25 avril 2012
Conflit de générations stellaires
Les galaxies elliptiques forment trois fois plus d'étoiles que prévu

Dans une lettre publiée dans la revue Nature du 26 avril 2012, une équipe internationale d'astrophysiciens incluant des chercheurs du Service d'Astrophysique-Laboratoire AIM du CEA-Irfu révèle pour la première fois que les galaxies plus anciennes de type elliptique ont formé environ trois fois plus d'étoiles que ne le prévoyaient les modèles jusqu'à présent. Cette étude démontre que l'idée d'une formation initiale d'étoiles universelle, identique pour toutes les galaxies, une hypothèse qui est communément utilisée pour interpréter l'évolution des galaxies, ne correspond pas aux galaxies réelles. Ces résultats ont été obtenus dans le cadre du projet Atlas-3D, une étude multi-longueurs d'onde très détaillée de plus de deux cents cinquante galaxies elliptiques et lenticulaires proches.
 

 

Courbe de population des étoiles

Le problème de la formation des étoiles dans les galaxies est loin d'être résolu. Les galaxies sont initialement de vastes disques de gaz dans lesquels vont se former les étoiles par effondrement du gaz sous l'action de la gravité. Mais combien d'étoiles vont se former initialement et quel sera leur nombre en fonction de leur masse ? La détermination de la fonction de masse initiale des étoiles dans les galaxies est une question essentielle de l'astronomie pour comprendre notamment comme les galaxies évoluent par la suite au cours du temps. Jusqu'ici les astrophysiciens adoptaient une hypothèse très simple introduite par l'astrophysicien Salpeter dès 1955. Ils considéraient que la distribution initiale en masse des étoiles, appelée aussi IMF (pour "Initial Mass Function") était identique pour toutes les galaxies. C'est cette hypothèse qui vient d'être infirmée par l'étude détaillée du mouvement des étoiles dans plus de 200 galaxies proches de formes elliptiques ou lenticulaires.
 

 
Conflit de générations stellaires

Les deux galaxies NGC 5480 (de forme spirale à droite) et NGC 5481 (de forme elliptique à gauche) à une distance d'environ 85 millions d'années-lumière, photographiée par la caméra MEGACAM. Crédits P.A. Duc/CEA-CFHT)

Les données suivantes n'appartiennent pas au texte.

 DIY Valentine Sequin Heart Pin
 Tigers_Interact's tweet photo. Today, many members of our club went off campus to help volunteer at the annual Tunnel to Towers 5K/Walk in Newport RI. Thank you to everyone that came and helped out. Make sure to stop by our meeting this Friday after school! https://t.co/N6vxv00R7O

Dans le cadre du projet Atlas-3D, un échantillon de 260 galaxies de formes elliptiques ou lenticulaires, à des distances de la Terre inférieures à 140 millions d'années-lumière, a pu être étudié grâce à des observations à plusieurs longueurs d'onde réalisées par différents télescopes en lumière visible (William Herschel Telescope - WHT ), en ondes radio (Westerbork Radio Synthesis Telescope - WRST), en ondes millimétriques (IRAM 30m telescope) et également grâce aux images profondes obtenues par la caméra MegaCam (Canada-France-Hawaii Telescope - CFHT) construite au CEA.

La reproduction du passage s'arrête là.